Adding an edge between $a'$ and a neighbor $b$ of $a$ forms the triangle $a-b-a'$, as does adding an edge between $a$ and an element $b\in B$ initially not connected to $a$. 
Adding an edge between $a_0'$ and $a_1 \in A$ will form a triangle as long as there is some $b\in B$ connected to $a_1$ but not $a_0$. Again, this happens with a proportion approaching $1$ if $\log|A| \ll |B|$. 
By the way, it's not a problem if you can add more edges between $a_0'$ and elements of $A$. If you can, do so. The important thing is that we ensured that no edges between elements of $A \cup B$ can be added without forming triangles, and we did so by adding a small number of vertices.

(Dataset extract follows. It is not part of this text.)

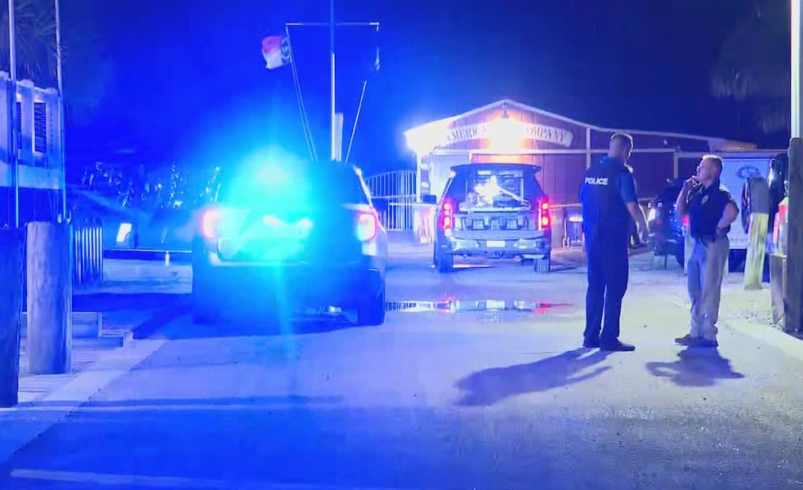 American Fish Company closes indefinitely following mass shooting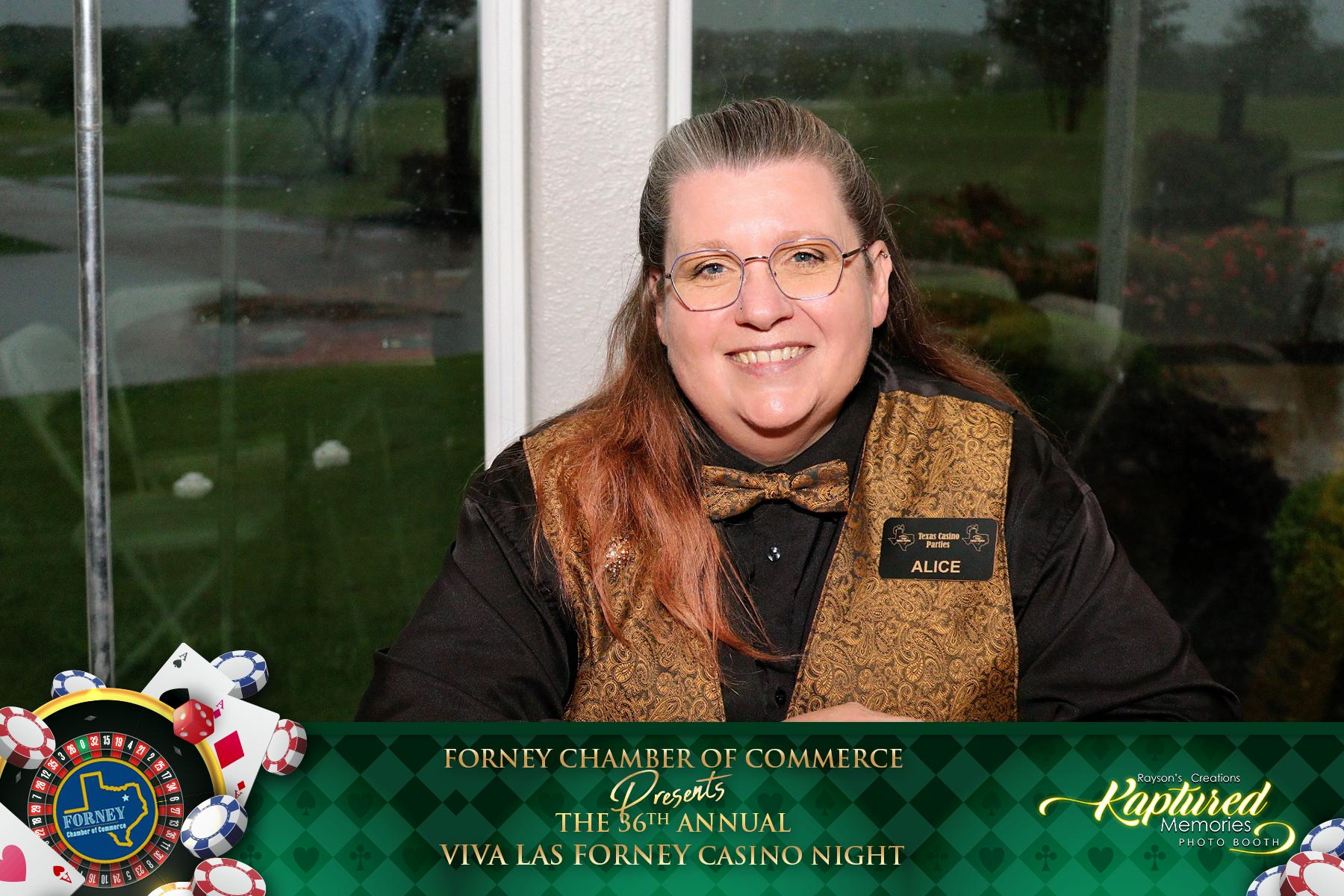 Viva Las Forney Annual Civic Auction & Casino Night | View more photos from the event at gallery.rckapturedmemories.com/u/RCKapturedMemories/Viva-Las-Forney-Annual-Civic-Auction-Casino-Night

Adding edges between the added vertices might or might not form triangles. Add enough edges to make the graph maximal. Assuming the high-proportion conditions are satisfied, there is at least one maximal graph so that the induced subgraph on $A \cup B$ is the original bipartite graph. 
Choose $|B| = 2|A|$. As $|A| \to \infty$, a proportion approaching $1$ of these bipartite graphs can be embedded in a maximal triangle-free graph on $4|A|$ vertices. This constructs $2^{n^2(1/8 + o(1))}$ maximal triangle-free graphs on $n$ vertices, or roughly the square root of the total number of triangle-free graphs.